Peter Jackson directs this WWI documentary featuring never-before-seen black-n-white footage that’s been digitally coloured to commemorate the centennial of the war’s end.
The film screens nationwide on November 11 (find times and tickets). Liam Maguren urges audiences to watch this cinematically caressed experience.
Feeling heavily enlightened and emotionally shattered during Sir Peter Jackson’s They Shall Not Grow Old, I grew to realise a potential double meaning behind the film’s title. It’s a line from Robert Laurence Binyon’s poem For the Fallen which, when used here, reflects the colossal restoration and colouring efforts put in place to house the memories of those who gave their lives to The Great War. It’s also a stark reminder of the youth that was robbed of these men.
The beginning spends a solid chunk of time re-establishing early 20th Century Britain with hardly any visual touches. It’s a clever framing device that successfully settles the audience into the era they think they know, only to overwhelm with colour and size once the soldiers enter the battlefield.
This digitalised revamping is unlike anything I’ve seen before—certainly not as simple as clicking a ‘turn on the colour’ button. Rather, it takes on a semi-surreal painting-in-motion look, very faintly reminiscent of last year’s Loving Vincent where every frame was literally a painting.
Through this method, the life in the faces and bodies of these men truly stand out, especially in contrast to the bleakness of their mudbound, ironclad, bloodstained environment. There’s no detailed footage of men dying on the battlefield—only stills of their corpses—as if to grimly remind you that when a man dies, his whole world stops. It truly strains the heart.
Jackson and his team grant movement and colour to the living while archival audio allows the actual soldiers to narrate the film with first-hand accounts. From it, a fascinating collective mindset emerges as they share strikingly similar thoughts on enlisting, killing, dying, the disgusting food they ate, the pleasures in following orders, and the friendships they formed—even with the enemy.
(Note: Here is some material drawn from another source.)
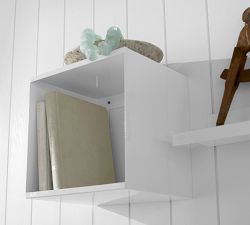 Build Your Own - Wyatt Workspace - White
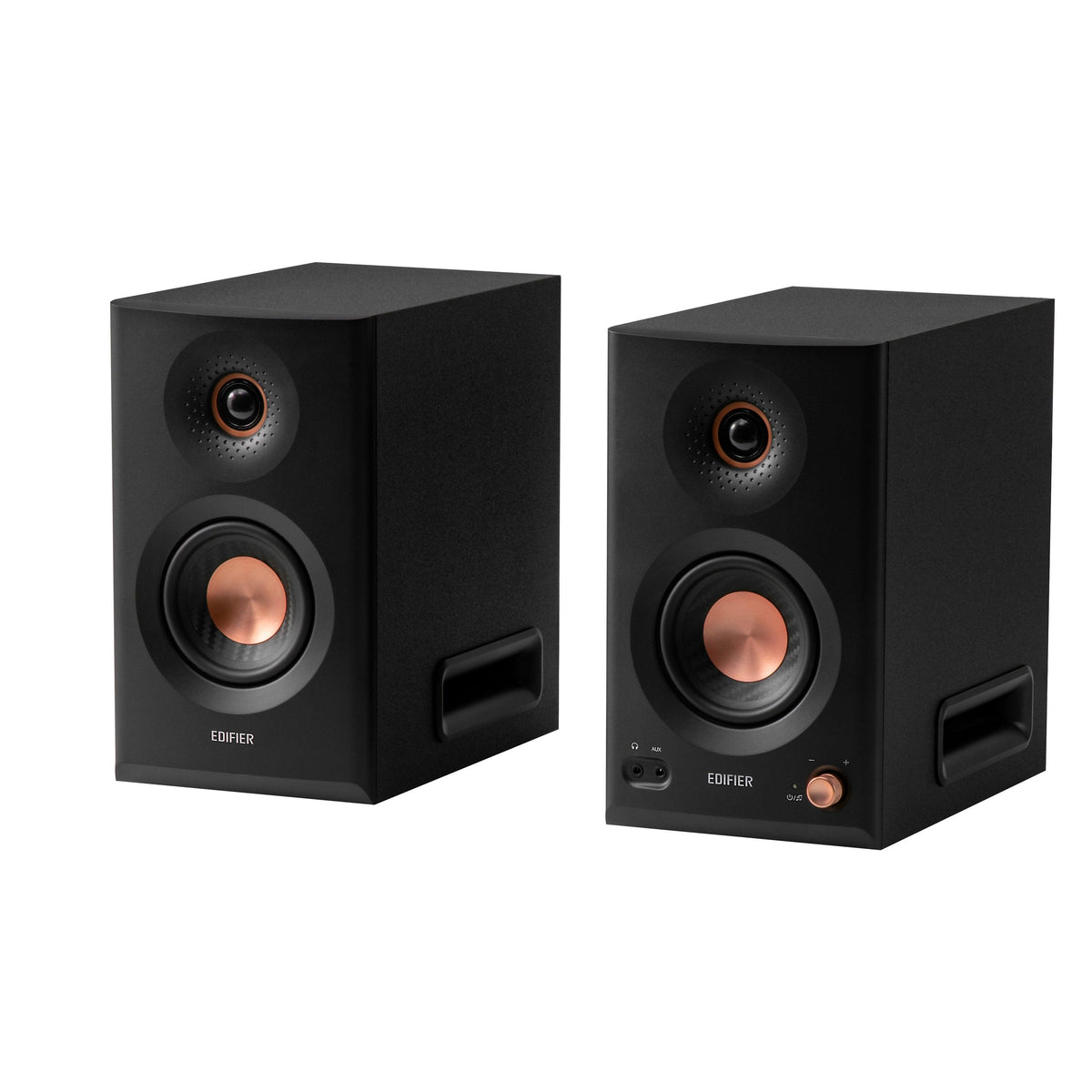 Edifier MR5 Tri-Amped Powered Studio Monitor Bluetooth Speakers Black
The film does not shy away from showing the harrowing details—both big and small—that made up this ungodly time and place. It’s a necessary despair to depict, for the biggest and most bittersweet quality that connected these soldiers was an ability to keep spirits high. A century on, They Shall Not Grow Old takes hold of that quality too by keeping those spirits lifted with a cinematically caressed experience that preserves their faces and treasures their words.